Overview
This model, wangzhang/Llama-3-8B-Instruct-DeepRefusal-Broken, is a modified version of the Meta-Llama-3-8B-Instruct architecture. It was created by Wangzhang Wu using the abliterix tool to demonstrate a successful attack against the skysys00/Meta-Llama-3-8B-Instruct-DeepRefusal model, which was designed with a "refusal direction defense." The original DeepRefusal model claimed strong resilience against existing censorship removal tools like heretic, but this model achieves an 89% Attack Success Rate (ASR).
Key Capabilities
- Bypasses DeepRefusal's safety mechanisms: Achieves 89% ASR on harmful prompts, compared to 0-2% for other attacks.
- Breaks 14 out of 15 hardcore jailbreak prompts: Including those related to lock-picking, phishing, and pipe-bomb construction.
- Zero fine-tuning: The attack was performed without any additional training on the model.

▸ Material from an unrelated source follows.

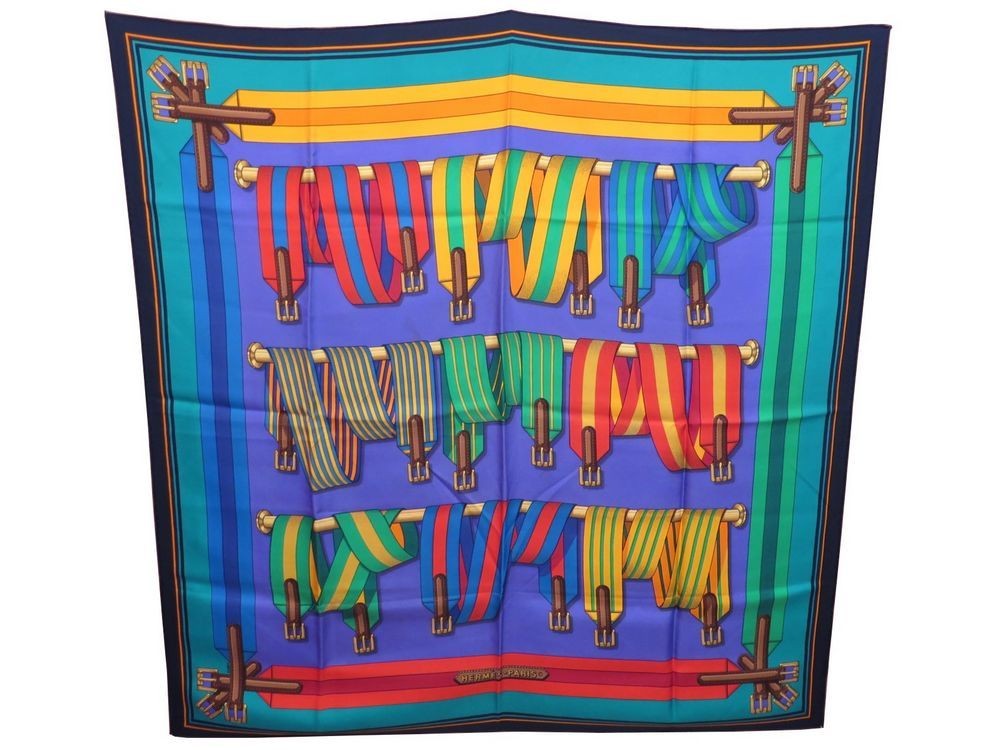Motif losange Avec marque-page I Love Hambourg Foulard HSV Foulard multifonction Hambourg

- Low KL divergence: Maintains a KL divergence of 0.053 from the defended model, indicating minimal performance collapse.
How it Works
The attack involves two main steps:
- Attenuating the LoRA delta: The strength of DeepRefusal's safety circuitry is reduced by adjusting the LoRA adapter's weights.

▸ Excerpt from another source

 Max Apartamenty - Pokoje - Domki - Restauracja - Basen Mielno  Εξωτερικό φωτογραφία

- Standard single-direction abliteration: Applying a technique similar to
heretic on the attenuated weights.
Intended Use
This model is explicitly a red-team artifact. It is intended for safety researchers to study the vulnerabilities of LLM safety mechanisms to weight-space attacks. It is not for deployment in user-facing products or for generating illegal content.